- WHAT YOU NEED TO DO: All that should come back is the lines of the data below from the one containing "峨眉山金丝檀木108手串男女念珠多圈护身佛珠手链生日马年礼物 实拍图" to the one containing "野餐推薦景點》中央大學小木屋鬆餅↬大草皮下午茶野放時光×親子同遊免費好去處 - yuki.tw", inclusive, exactly as they stand.

- RECORDS SUPPLIED:
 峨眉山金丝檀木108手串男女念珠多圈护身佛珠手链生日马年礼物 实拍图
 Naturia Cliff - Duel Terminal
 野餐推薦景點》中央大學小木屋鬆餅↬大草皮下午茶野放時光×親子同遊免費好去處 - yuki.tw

==

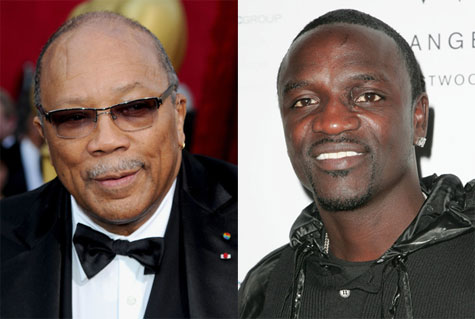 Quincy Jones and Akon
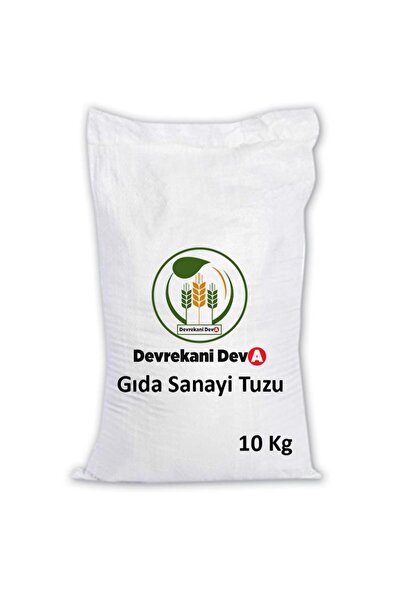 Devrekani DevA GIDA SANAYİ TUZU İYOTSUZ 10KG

- OUTPUT:
 峨眉山金丝檀木108手串男女念珠多圈护身佛珠手链生日马年礼物 实拍图
 Naturia Cliff - Duel Terminal
 野餐推薦景點》中央大學小木屋鬆餅↬大草皮下午茶野放時光×親子同遊免費好去處 - yuki.tw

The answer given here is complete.